When I first heard that one of the benefits of using R was reproducibility, I was confused. As a PhD anthropologist who has worked for the last several years in the world of program evaluation, I assumed reproducibility meant scientists in labs being able to rerun other scientists' studies in order to check that they hadn't made up their results. Reproducibility seemed interesting, but entirely irrelevant to me.
Boy, was I wrong. Reproducibility means something far broader than I previously realized. After using R for a while, I finally came to appreciate that the user who most often needs to reproduce my work is me. Reproducibility isn't just about a robust peer review process; it's about not having to do the same thing over and over.
The user who most often needs to reproduce my work is me.

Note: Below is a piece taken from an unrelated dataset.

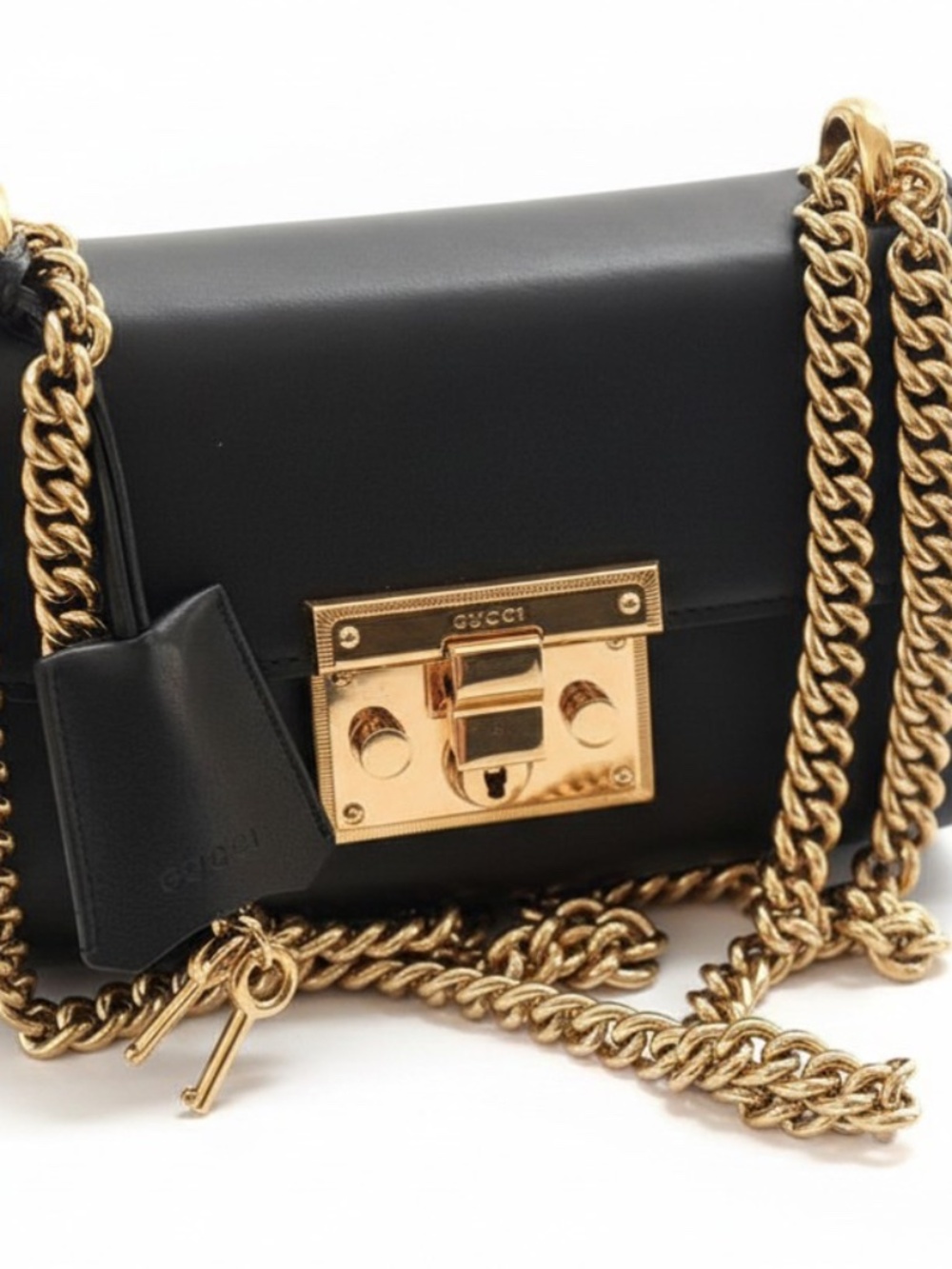Gucci Black Leather Small Padlock Shoulder Bag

Here's an example. As part of my data visualization consulting work, I was recently making some maps for the Ford Family Foundation. These maps showed where the Ford Institute for Community Building has done work over the last few years. I made a map several months ago with data the Foundation provided to me.
Last week, staff from the Foundation came back to me. They had started work in some new communities and ended work in others. Instead of having to go back and recreate this map, I could simply rerun the code I had previously created and voila, a new map. (There are some other changes I made, removing icons and more, but focus on the updated locations on the map!)
Reproducibility can be what I always assumed it was (and much more — see this comprehensive post from the rOpenSci Project on reproducible research). For many users, though, this traditional notion of reproducibility is far less of a reason to take up R than is the idea that you can save time by rerunning existing code with updated data.